WORK INSTRUCTION.
Type out the listing below exactly. Pictures stay out of it.

RECORDS SUPPLIED.

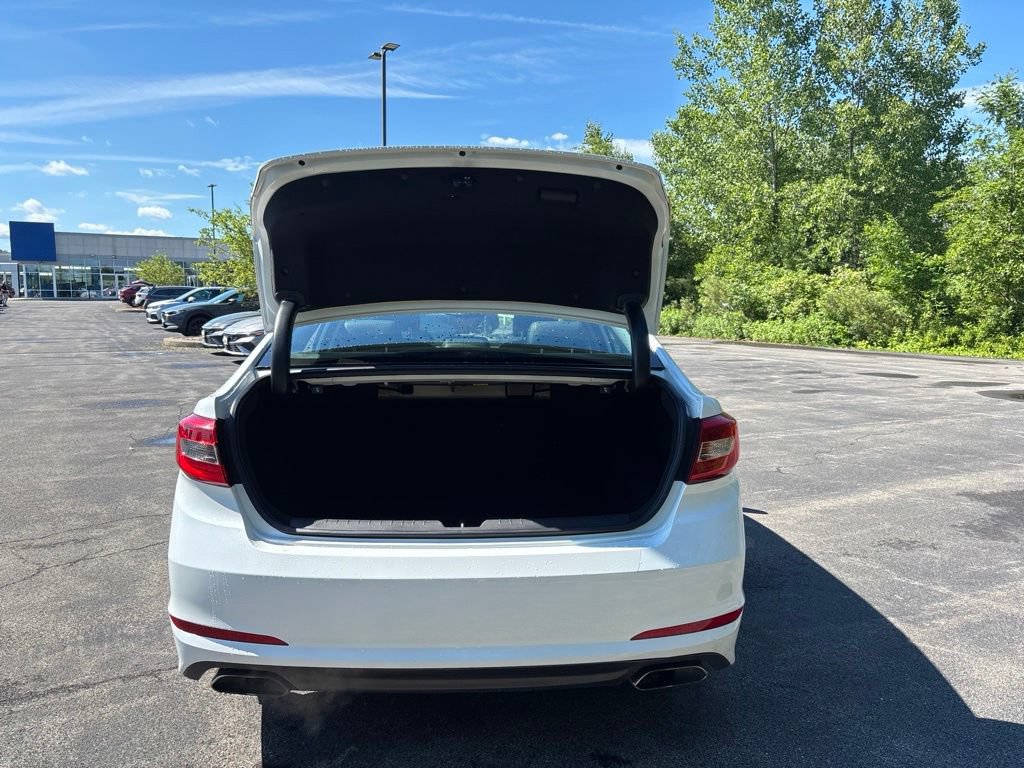 Used 2017 Hyundai Sonata Sport w/ Value Edition Package 02 FWD image 13
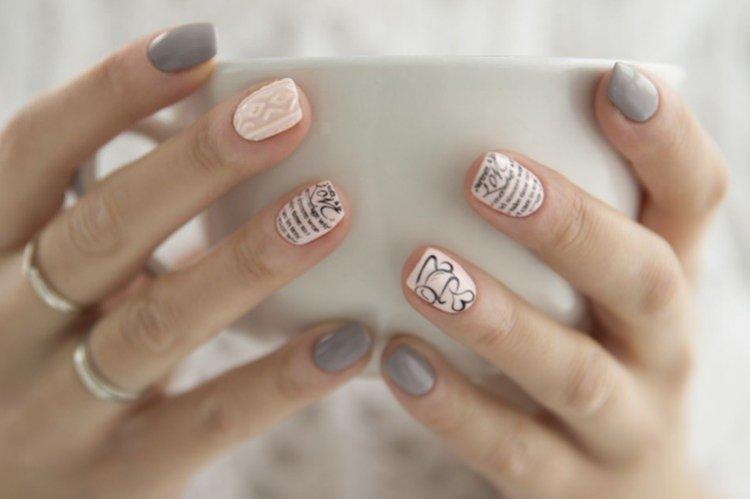 Нежный маникюр с наклейками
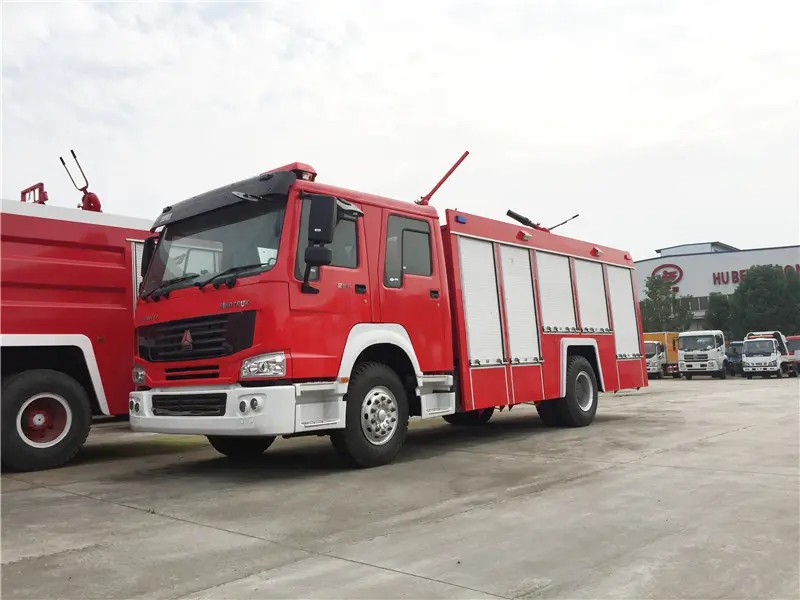 SINOTRUK HOWO 4X2 Foam dry powder fire engine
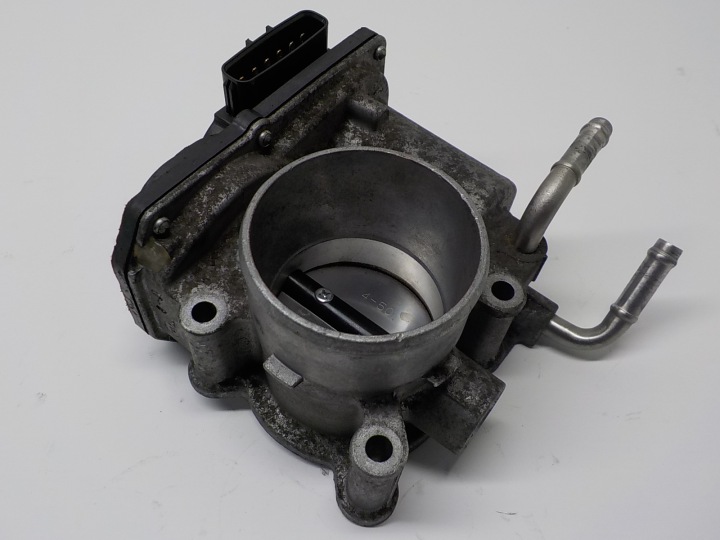 TOYOTA YARIS II 1.33 DUAL 1NR-FE throttle flap 22030-47010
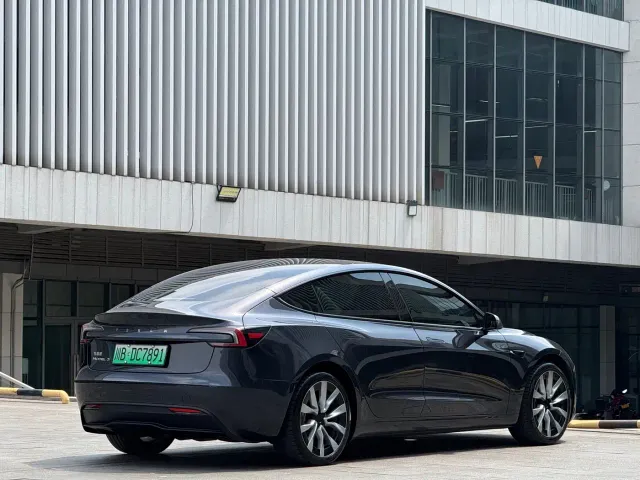 Tesla Model 3 — Фото автомобиля 5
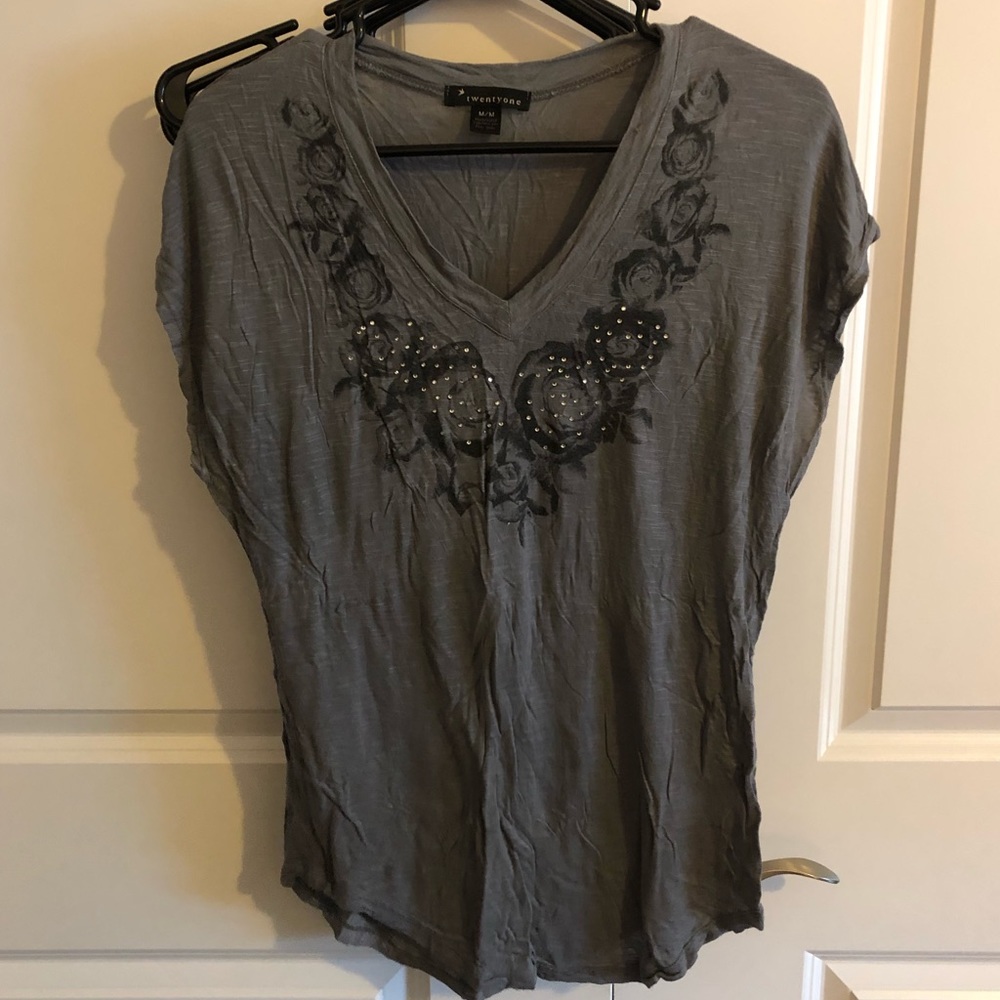 🌻Forever 21 embellished tee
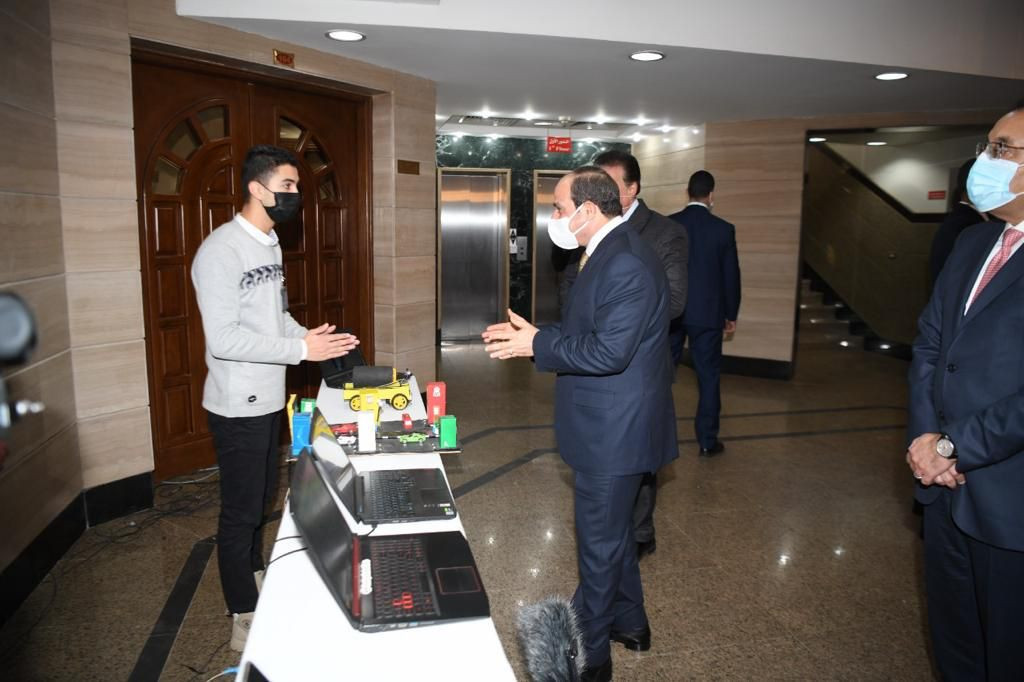 السيسى يتفقد كلية الذكاء الاصطناعى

YOUR RESPONSE.
 Used 2017 Hyundai Sonata Sport w/ Value Edition Package 02 FWD image 13
 Нежный маникюр с наклейками
 SINOTRUK HOWO 4X2 Foam dry powder fire engine
 TOYOTA YARIS II 1.33 DUAL 1NR-FE throttle flap 22030-47010
 Tesla Model 3 — Фото автомобиля 5
 🌻Forever 21 embellished tee
 السيسى يتفقد كلية الذكاء الاصطناعى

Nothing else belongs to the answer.